= WHAT NEEDS TO BE DONE =
Every line below is to be set down again exactly; any image stays out.

= DATA =
::::

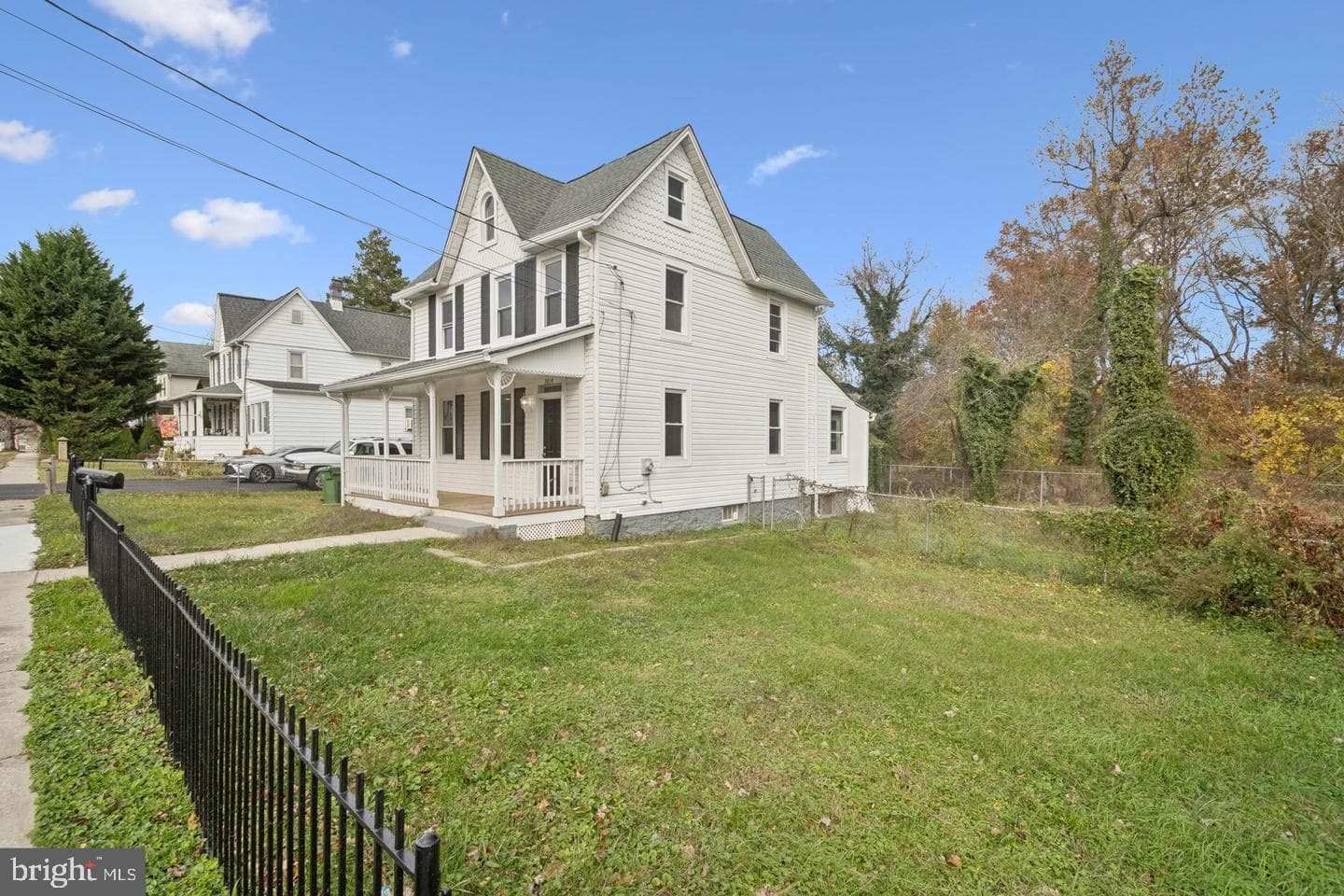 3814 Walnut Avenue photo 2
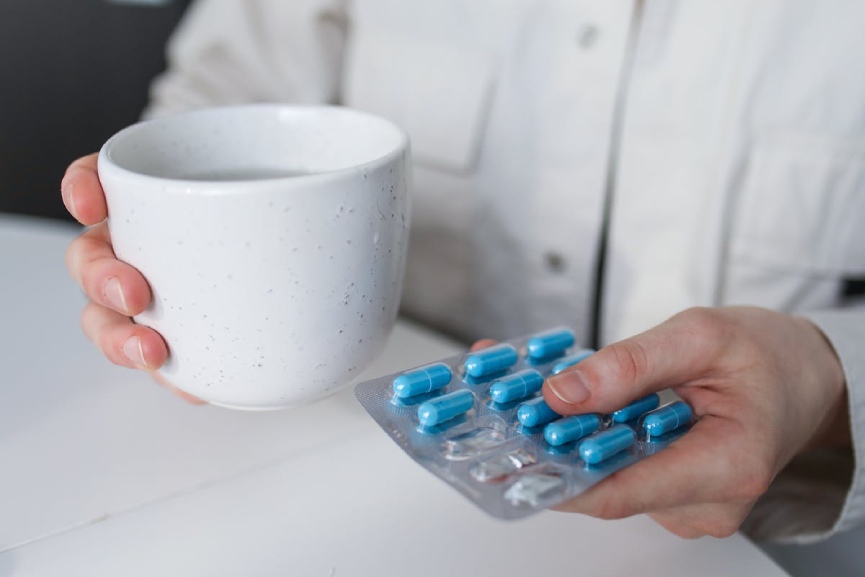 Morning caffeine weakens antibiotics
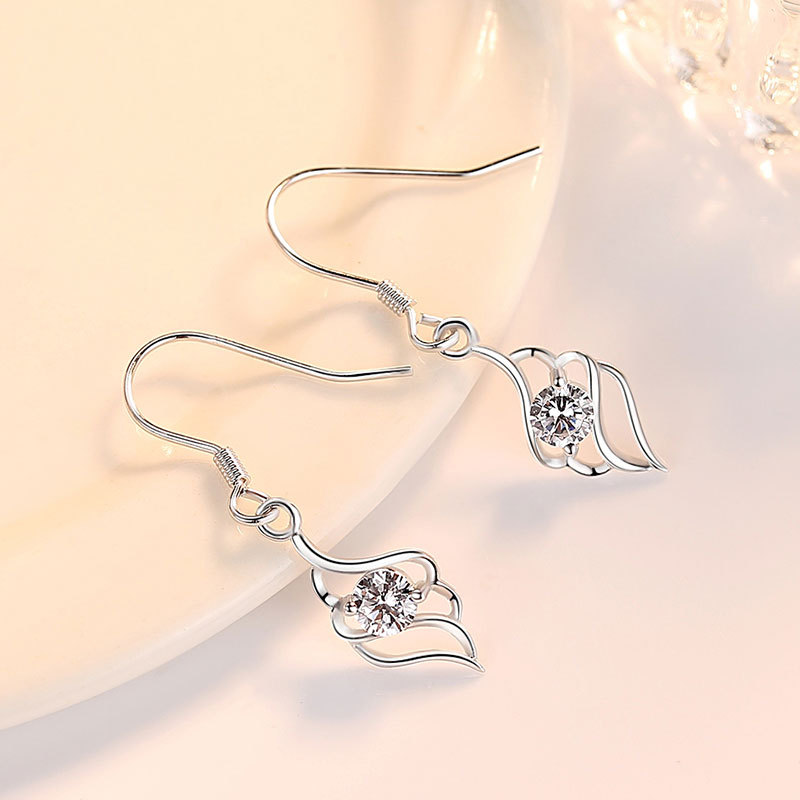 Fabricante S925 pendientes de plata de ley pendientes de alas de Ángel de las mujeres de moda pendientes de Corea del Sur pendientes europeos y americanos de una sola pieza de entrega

::::

= RESULT BELOW =
 3814 Walnut Avenue photo 2
 Morning caffeine weakens antibiotics
 Fabricante S925 pendientes de plata de ley pendientes de alas de Ángel de las mujeres de moda pendientes de Corea del Sur pendientes europeos y americanos de una sola pieza de entrega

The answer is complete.